DATA PROVIDED
BEGIN

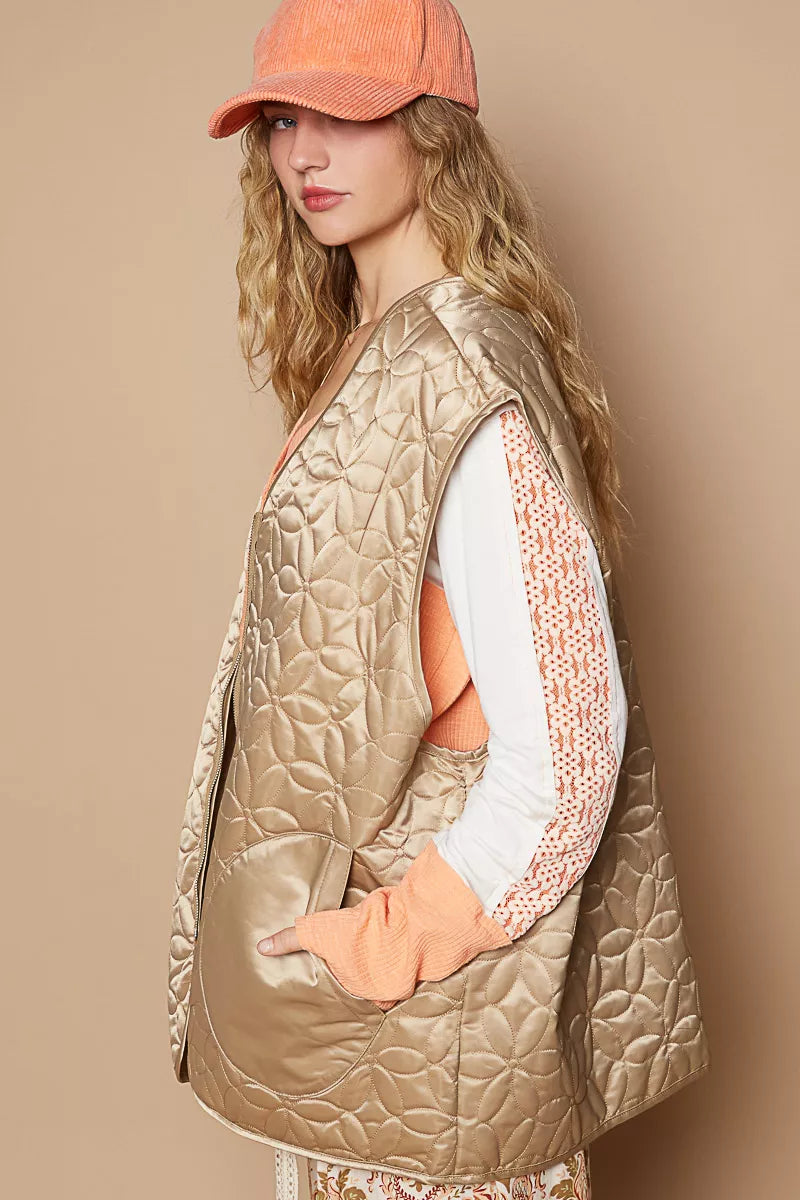 Quilted mocha front-zip vest with textured pattern and angled side pockets
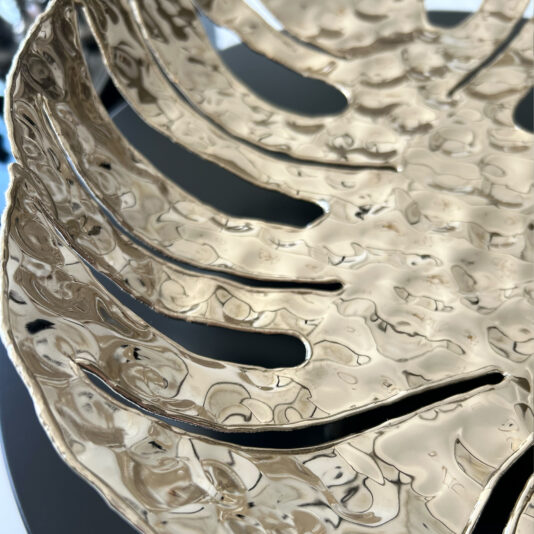 Tropical Leaf Basket A close-up of the Tropical Leaf Basket shows its metallic gold finish, hammered texture, and cutout design resembling a stylized leaf or fan. The shiny surface reflects light for a glossy effect.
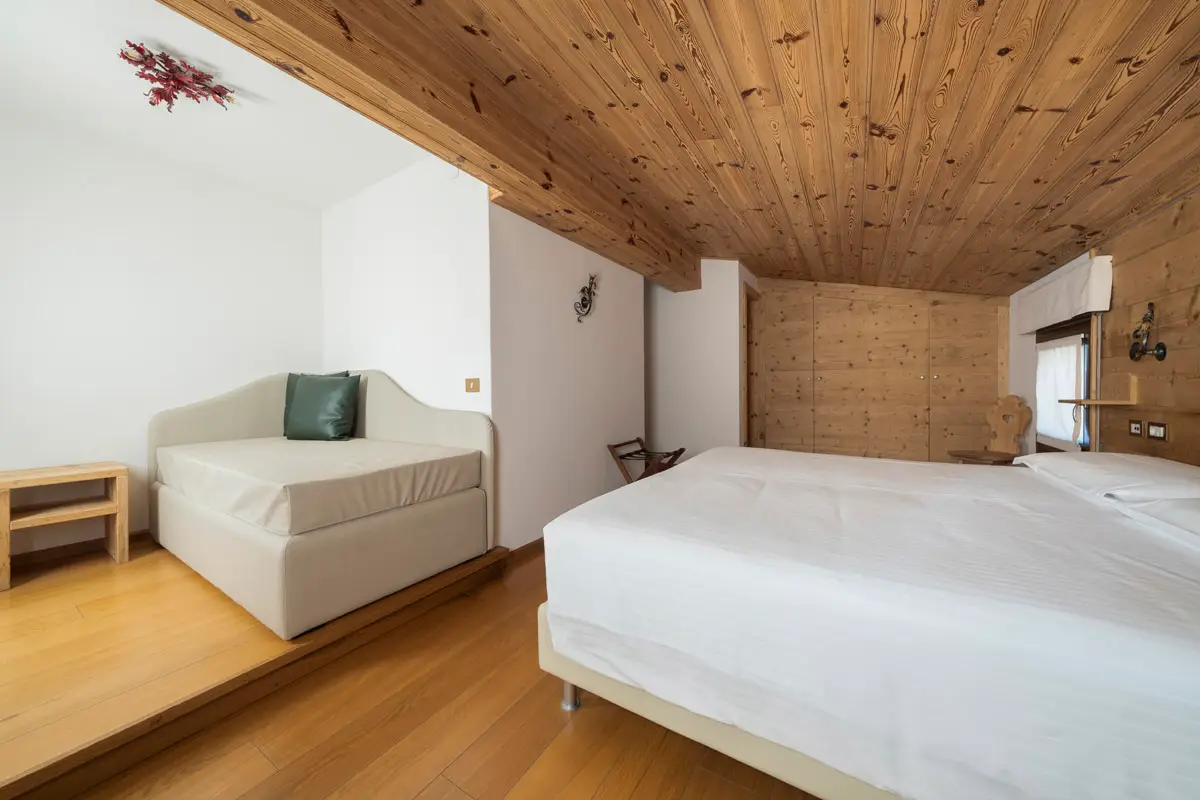 Camera mansardata Superior Tripla con travi in legno – Hotel Montana Cortina. | Attic-style Superior Triple Room with wooden beams – Hotel Montana Cortina.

END

EXERCISE DETAILS
Without including the pictures, copy all of the data exactly.

TASK RESULT
 Quilted mocha front-zip vest with textured pattern and angled side pockets
 Tropical Leaf Basket A close-up of the Tropical Leaf Basket shows its metallic gold finish, hammered texture, and cutout design resembling a stylized leaf or fan. The shiny surface reflects light for a glossy effect.
 Camera mansardata Superior Tripla con travi in legno – Hotel Montana Cortina. | Attic-style Superior Triple Room with wooden beams – Hotel Montana Cortina.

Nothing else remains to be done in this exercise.